Workloads are single entities or groups of entities executed on a server for the purpose of fulfilling a particular business value. Examples are started tasks on a z/OS system, a middleware subsystem consisting of several processes / address spaces or even multi-tiered business applications that can span multiple servers. This scenario is about listing all or selected workloads to retrieve status information or further associated workload-specific details.

Provide service to start and stop workloads

This scenarios builds on the scenario introduced above. Understanding the observed status of a given workload, this scenario is about starting and stopping such a workload in an automated way.

Provide service to obtain redundancy information for a workload

This scenario allows a consumer to retrieve redundancy information for a workload. Basically, this means that a list of members in a workload is returned with the function in terms of redundancy and the status of each individual member. So, for example, one member can be the designated primary (= active) member, while others are backup (= inactive) members.

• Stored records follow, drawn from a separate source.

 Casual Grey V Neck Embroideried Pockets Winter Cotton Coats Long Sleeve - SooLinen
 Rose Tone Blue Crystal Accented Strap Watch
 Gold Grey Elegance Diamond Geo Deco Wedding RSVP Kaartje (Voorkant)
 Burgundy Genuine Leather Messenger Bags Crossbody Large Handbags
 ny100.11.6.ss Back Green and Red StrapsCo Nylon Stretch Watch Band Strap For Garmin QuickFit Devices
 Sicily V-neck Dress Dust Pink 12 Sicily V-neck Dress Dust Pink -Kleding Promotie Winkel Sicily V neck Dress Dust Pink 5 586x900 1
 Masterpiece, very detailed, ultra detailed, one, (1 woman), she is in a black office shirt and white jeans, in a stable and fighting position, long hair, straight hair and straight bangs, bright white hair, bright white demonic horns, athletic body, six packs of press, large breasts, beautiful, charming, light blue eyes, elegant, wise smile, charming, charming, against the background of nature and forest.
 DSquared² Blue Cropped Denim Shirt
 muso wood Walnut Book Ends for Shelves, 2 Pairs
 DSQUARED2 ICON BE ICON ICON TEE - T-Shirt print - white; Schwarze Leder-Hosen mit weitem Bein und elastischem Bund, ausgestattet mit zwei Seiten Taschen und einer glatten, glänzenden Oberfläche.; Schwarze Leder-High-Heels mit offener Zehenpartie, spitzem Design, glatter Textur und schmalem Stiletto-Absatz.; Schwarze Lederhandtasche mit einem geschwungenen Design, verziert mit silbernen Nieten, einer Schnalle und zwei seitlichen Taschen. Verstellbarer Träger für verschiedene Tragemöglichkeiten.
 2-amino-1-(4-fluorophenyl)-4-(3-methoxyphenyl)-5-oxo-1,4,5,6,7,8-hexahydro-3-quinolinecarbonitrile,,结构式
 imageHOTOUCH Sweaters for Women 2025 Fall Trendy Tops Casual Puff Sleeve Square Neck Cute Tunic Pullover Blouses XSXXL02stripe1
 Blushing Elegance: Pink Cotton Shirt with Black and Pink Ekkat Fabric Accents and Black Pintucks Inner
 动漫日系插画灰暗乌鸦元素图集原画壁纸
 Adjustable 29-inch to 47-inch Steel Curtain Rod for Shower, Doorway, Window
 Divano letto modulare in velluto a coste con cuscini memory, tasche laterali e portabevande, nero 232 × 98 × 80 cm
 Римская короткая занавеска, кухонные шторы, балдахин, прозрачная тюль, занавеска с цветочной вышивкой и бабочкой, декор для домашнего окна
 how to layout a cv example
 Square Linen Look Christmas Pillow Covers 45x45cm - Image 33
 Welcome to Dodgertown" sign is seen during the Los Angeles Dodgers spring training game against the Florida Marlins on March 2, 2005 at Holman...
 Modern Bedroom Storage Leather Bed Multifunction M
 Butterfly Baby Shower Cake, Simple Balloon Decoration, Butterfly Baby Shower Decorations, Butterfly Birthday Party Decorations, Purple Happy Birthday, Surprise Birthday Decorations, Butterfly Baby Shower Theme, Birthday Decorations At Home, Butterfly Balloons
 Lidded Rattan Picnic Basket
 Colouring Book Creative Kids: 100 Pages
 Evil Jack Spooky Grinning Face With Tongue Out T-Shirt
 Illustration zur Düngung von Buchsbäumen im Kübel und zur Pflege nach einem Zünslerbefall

Provide service to failover primary workload

A workload that has been configured to contain one primary member and one or more backup members is said to be highly available. In the case of planned or unplanned outages, one of the backup members can take over the work of the primary member, if the primary member is not available. This scenario describes the steps to failover the primary workload to one of its backup members in case of a planned outage. Note that the automatic failover in case of an unplanned outage is inherent to the automation system (= service provider) used responsible for keeping this workload highly available.

Provide service to grow and shrink a workload

Certain workloads have rather dynamic characteristics. Under normal situations, the resources required to handle the workload are known and limited to some degree. But there are certain times, for example black Friday or end-of-month processing, where much more resources are required than usual. Vice versa, such workloads might use almost no resources at Sunday morning between 3am and 6am.

In order to still be able to achieve the level of availability and responsiveness expected, while at the same time optimizing resource utilization, such workloads can be grown or shrinked dynamically, based on demand. So, in this scenario, a workload consists of a variable number of members with a predefined maximum. When the demand grows, one or more of the inactive members can be activated up to until the maximum predefined number of members have been activated. When the demand shrinks, one or more of the active members can be deactivated up to the number of currently active members, effectively yielding 0 active member.